During trial Defendants presented evidence showing that prior to the accident Plaintiff had been injured in the lower back. The jury found that Plaintiff had sustained injuries in the amount of $2,500.00 for pain suffering, loss of the enjoyment of life, and disability, in addition to $35,000.00 for past medical expenses as a result of injuries sustained in the accident. Plaintiff received no award for future damages. A written judgment to this effect was issued on March 31,1998. Plaintiff filed a motion for additur which Defendants opposed. After a hearing on the matter the trial judge granted the additur and increased the award of past medical expenses from $35,000.00 to $80,-324.16. In addition, the trial judge increased award for pain suffering, loss of enjoyment of life, and disability, from $2,500.00 to $48,000.00. From this judgment Defendants appeal and Plaintiff answered the appeal.
ASSIGNMENTS OF ERROR
Defendants contend that the trial court erred as a matter of law in granting Plaintiffs motion for additur and reforming the judgment to increase the amount awarded to Plaintiff by the jury.
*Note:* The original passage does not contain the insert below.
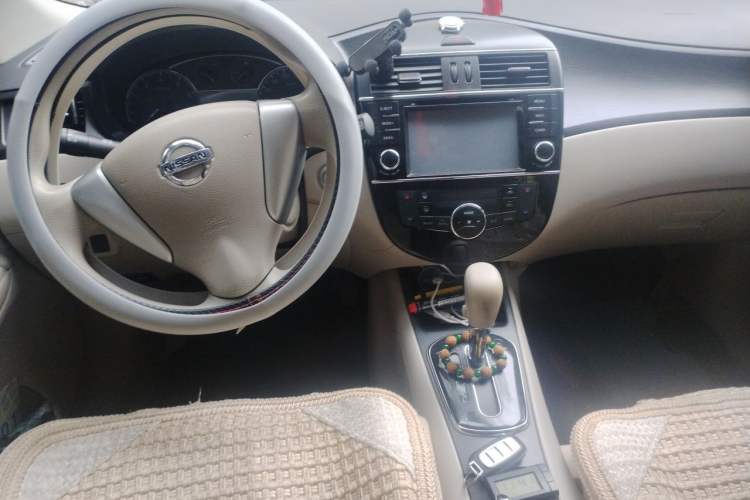 Used Nissan Tiida 2011 1.6L CVT Smart Version Center Console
Plaintiff contend that the trial court erred in not awarding $150,000.00 in general damages as shown by existing jurisprudence to be the lowest reasonable amount of compensation under the circumstances.
ADDITUR
| ¡¿Defendants assert that the trial court erred in granting an increase in the damages awarded by the jury. Defendants contend that the jury did not abuse its discretion in the amount that it awarded,
The standard of review for additur is set forth in La.Code Civ.P. art. 2083(B): “ [i]n reviewing a judgment reformed in accordance with a remittitur or addittur, the court shall consider the reasonableness of the underlying jury verdict.” This court has previously interpreted this article to mean “the appellate court should review the jury’s award for abuse of discretion, and the trial court abuses its discretion in granting remittitur when the jury’s award is within the range of its discretion.” Lougon v. Era Aviation, Inc., 609 So.2d 330, 342 (La.App. 3 Cir.1992).
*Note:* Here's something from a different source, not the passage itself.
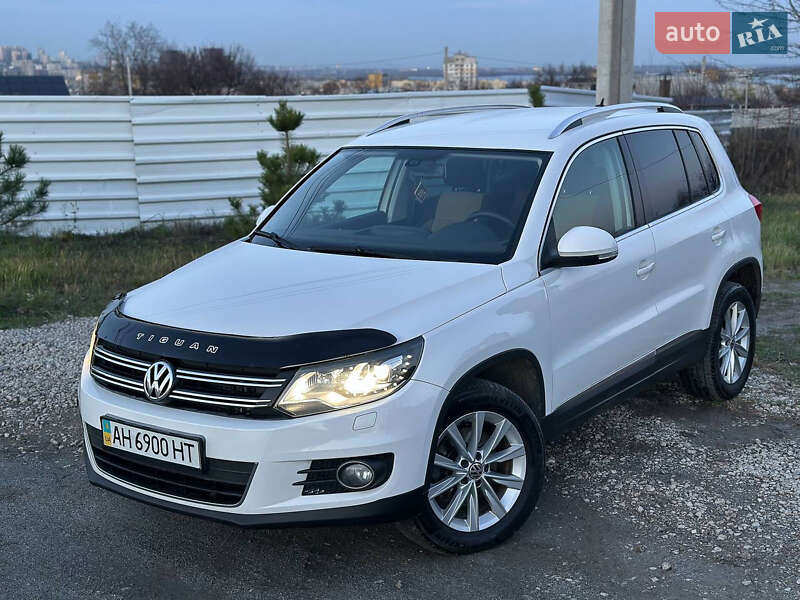 Внедорожник / Кроссовер Volkswagen Tiguan 2011 в Днепре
In the case sub judice, there was no question of liability as the parties had stipulated on that issue. The only issue remaining was damages. In an earlier case decided by this court, Hodapp v. American Indemnity Company, 618 So.2d 32 (La.App. 3 Cir.1993), the liability was stipulated and the only question that remained was that of damages. In Hodapp, plaintiff was injured in a rear-end collision. At trial the defendants stipulated liability and the jury returned a verdict awarding the plaintiff $9,235.23 for medical expenses, $1,620.00 for lost wages and $11,000 for general damages. Id. at 33. The trial court acting on motion of the plaintiff granted an additur of $7,500 noting that the award of $11,000.00 in general damages was an abuse of discretion by the jury. Id. This court upheld the additur finding the jury had abused its discretion in awarding the lower sum and that the trial court’s additur was within the range of discretion of a proper award of a jury such that the trial court did not abuse its discretion.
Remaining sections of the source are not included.